2007-03-04 11:30:49 · 2 answers · asked by snapz007 2 in Science & Mathematics Engineering

Great minds - thanks to both answerers below. I couldn't get continuity across anything inside the tube, so I just finished re-drilling and installing some blue LED's. Thanks a million!

2007-03-04 14:47:32 · update #1

2 answers

You are looking for the heater ("filament"). However it most likely was not made to take 120 volts, probably 12 or 24 volts instead. If you found the heater connections and put 120 volts across it there would be one flash of light lasting for a fraction of a second until the filament burned through from the excessive current. It is like what would happen if you tried to run a car headlight on your house voltage.

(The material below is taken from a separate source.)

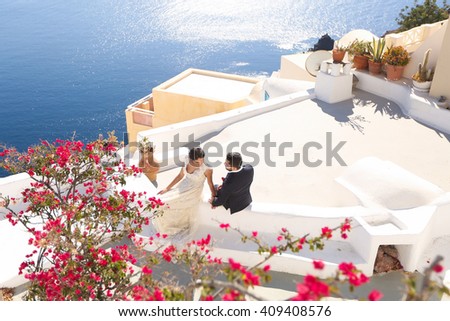groom and bride on the roof of a house in Santorini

If you have an multimeter (or could borrow one), put it on the ohms function and then clip a probe onto one pin. Then touch each pin in turn with the other probe. When the meter shows a connection (reads something other than "open circuit") you have found the other end of the filament. If none of them connect with one then clip the probe onto the next pin and try the others in sequence. Again a reading is good. If not clip onto the third pin and repeat. Keep doing that until you find a pair with a connection. If you were carefully to not skip any and have not found a connection, then the filament is already burnt out and it is not going to light up ever.

That "bright blue" seems kind of odd to me. The filament usually comes on yellow or red and is more heat than light coming from it. Maybe what they did is get an arc to jump between two electrodes in the tube. That would be blue. However an arc is a short circuit and would blow the house fuse if you just connected the tube to 120 Volts. You would need to put a current limiting component in series (like a 4.7K ohm 1 Watt resistor) to keep fuses from blowing. You could try that with any two electrodes that are not connected with each other. Be careful not to kill yourself while messing with that lethal 120 volts.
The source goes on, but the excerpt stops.